Personal information
- Full name: Francis Moreau
- Born: 21 July 1965 (age 59) Saint-Quentin, France
- Height: 1.87 m (6 ft 2 in)
- Weight: 77 kg (170 lb)

Team information
- Discipline: Road & Track
- Role: Rider

Amateur team
- Veloclub Saint-Quentin

Professional teams
- 1989: Fagor-MBK
- 1990: Histor - Sigma
- 1991: Tonton Tapis - GB
- 1992: GB - MG Maglificio
- 1993–1996: GAN
- 1997–2000: Cofidis

Medal record
Men's track cycling
Representing France
Olympic Games
| Gold medal – first place | 1996 Atlanta | Team pursuit |
World Championships
| Gold medal – first place | 1991 Stuttgart | Pursuit |
| Silver medal – second place | 1990 Maebashi | Pursuit |
| Silver medal – second place | 1991 Stuttgart | Points race |
| Silver medal – second place | 1994 Palermo | Pursuit |
| Silver medal – second place | 1996 Manchester | Team pursuit |
| Silver medal – second place | 1998 Bordeaux | Pursuit |
| Silver medal – second place | 1999 Berlin | Team Pursuit |
| Bronze medal – third place | 1996 Manchester | Pursuit |

= Francis Moreau =

French cyclist

Francis Moreau (born 21 July 1965) is a French former professional racing cyclist from Saint-Quentin.

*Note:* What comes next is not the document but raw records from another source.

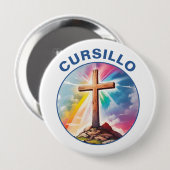 Cursillo Holzkreuz mit Regenbogen und Wolken Button (Vorne & Hinten)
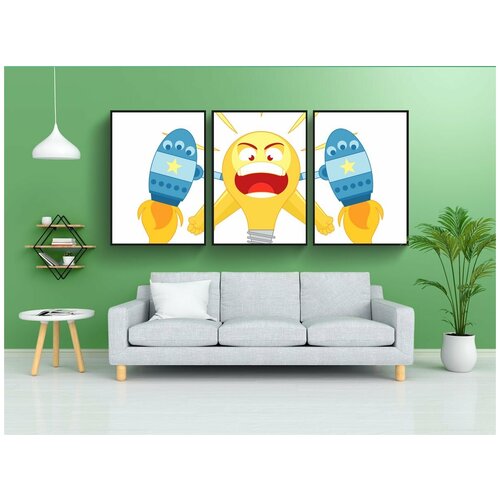 фото Набор модулных постеров для интерьера "лампа, идея, креативность" 60x90 см. в тубусе, без рамки lotsprints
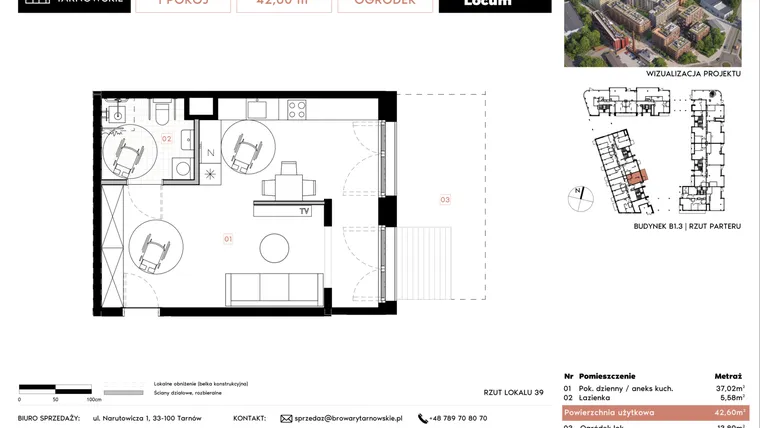 Rzut - Mieszkanie na sprzedaż 1 pokój o powierzchni 42,6 m² - numer B1.3.39 w Browary Tarnowskie etap 1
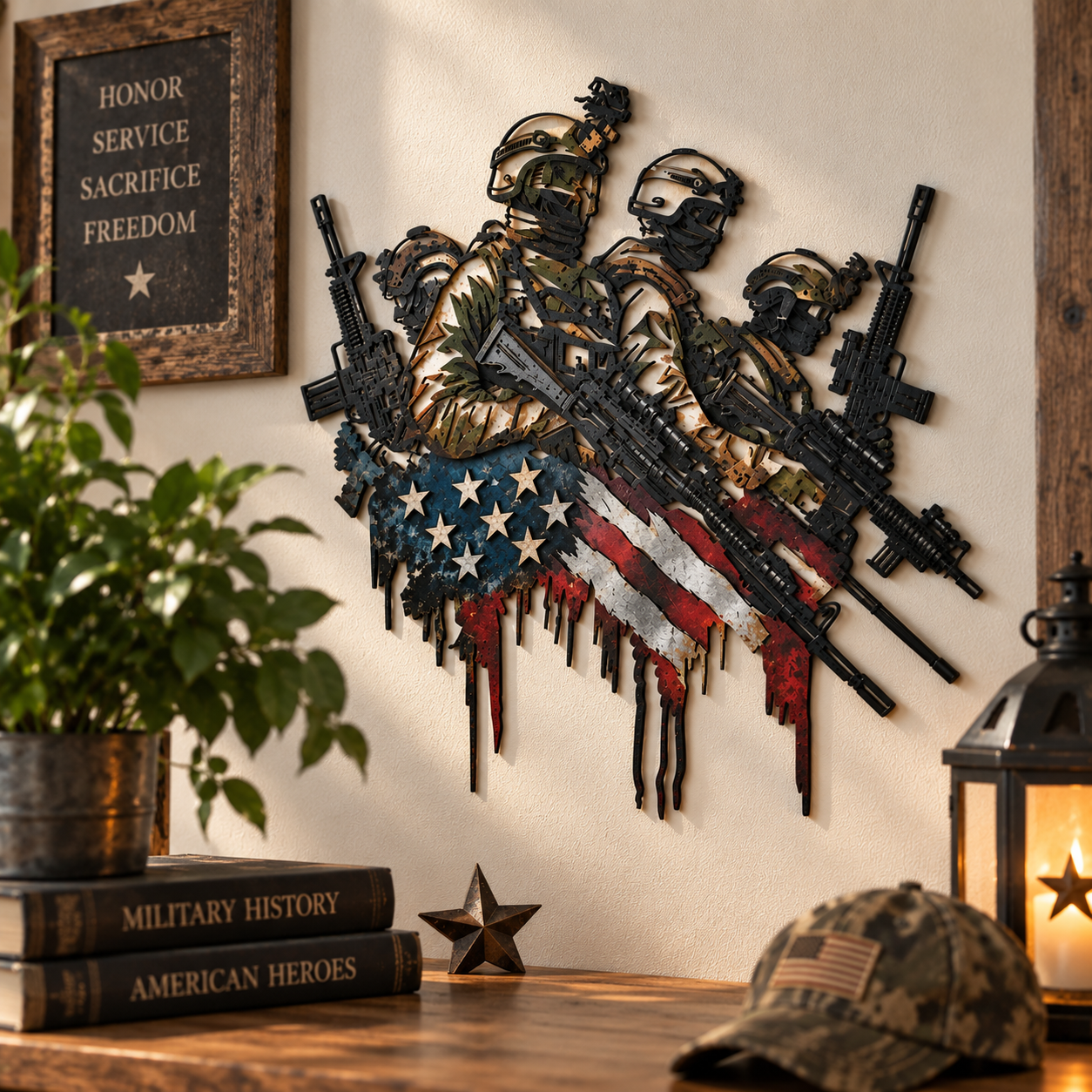 Patriotic Military Soldiers Metal Wall Art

He turned professional in 1989 and retired 12 years later at the end of 2000. A pursuit specialist, Moreau was a frequent medalist and the UCI Track Cycling World Championships, winning the pursuit in 1991. He was also part of the gold medal winning team at the 1996 Summer Olympics, who set a new Olympic record with a time of 4:05:930.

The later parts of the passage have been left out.